DPRD Banjar Soroti Penyertaan Modal Rp12,2 Miliar untuk Penataan PPS Martapura

Gusdur
17 Mei 2026 21:00
2 menit membaca

Kabupaten Banjar, FENOMENA.ID – Penataan kawasan Pusat Perbelanjaan Sekumpul (PPS) Martapura menjadi perhatian DPRD Kabupaten Banjar menyusul rencana penyertaan modal berupa aset daerah senilai Rp12,297 miliar kepada Perumda Pasar Bauntung Batuah (PBB).

Wakil Ketua Komisi II DPRD Banjar, Rahmat Saleh, menilai penyertaan modal tersebut penting untuk mendukung pembenahan kawasan perdagangan yang sebagian bangunannya dinilai sudah tidak layak digunakan.

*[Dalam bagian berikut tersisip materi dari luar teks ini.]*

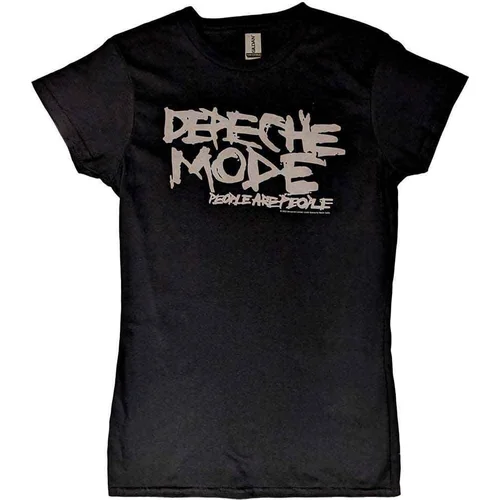 Depeche Mode Košulja People Are People Womens Black XL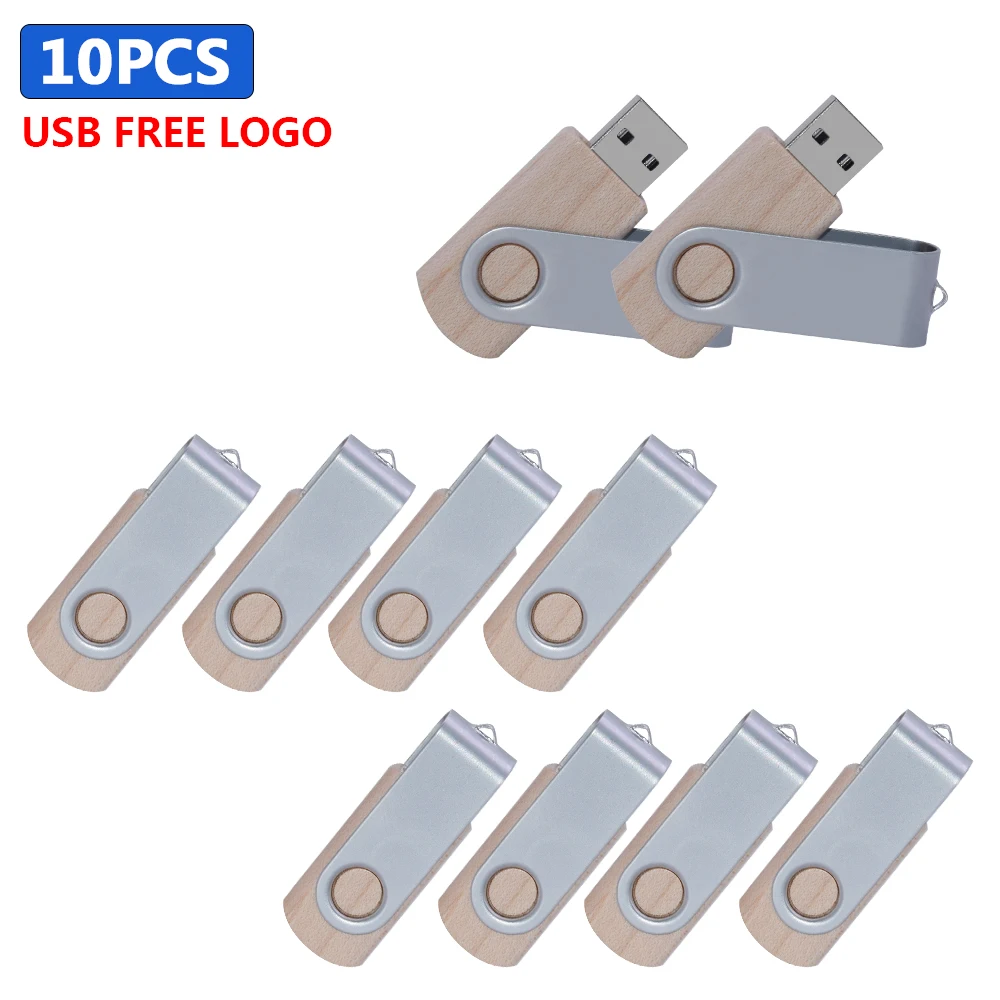 

10 шт. в партии, деревянный USB 2,0 флэш-накопитель с бесплатным логотипом, флэш-накопитель 4 ГБ, 8 ГБ, 16 ГБ, 32 ГБ, 64 ГБ, карта памяти, оптовая продажа,...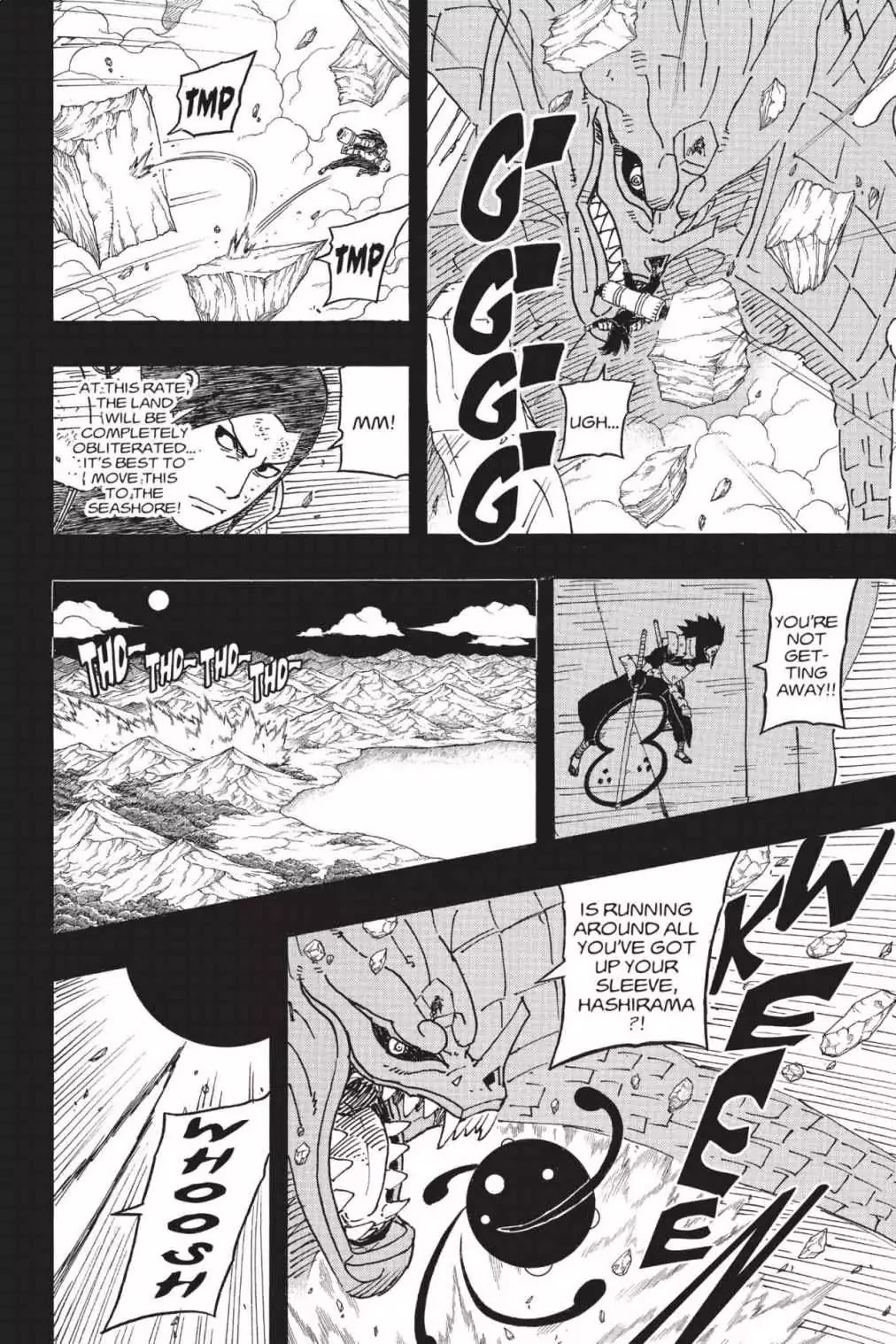 Naruto Chapter 621 page 6 - Chapter 621: Hashirama And Marada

Menurut politisi Partai Gerindra tersebut, mayoritas bangunan di kawasan PPS Martapura telah berusia lebih dari 20 tahun sehingga membutuhkan penataan dan pengelolaan kembali.

“Bangunan yang ada sudah kurang layak dipakai karena sudah lewat 20 tahun masa pakai,” ujar Rahmat Saleh, Minggu (17/5/2026).

Ia menjelaskan, aset yang menjadi bagian dari skema penyertaan modal mencakup ruko dan los pasar di kawasan PPS Martapura. Berdasarkan data tersebut, terdapat 130 unit ruko serta 1.008 unit bak rata yang berada di Blok A dan Blok B.

Sementara itu, dalam proses penataan sebelumnya terdapat sekitar 86 unit ruko yang dianulir. Adapun masing-masing blok los pasar terdiri dari 504 unit, baik Blok A maupun Blok B.

Berdasarkan hasil appraisal, nilai aset yang akan disertakan sebagai modal Perumda PBB diperkirakan mencapai Rp12,297 miliar. Sedangkan nilai keseluruhan tanah dan bangunan di kawasan PPS Martapura ditaksir mencapai lebih dari Rp327 miliar.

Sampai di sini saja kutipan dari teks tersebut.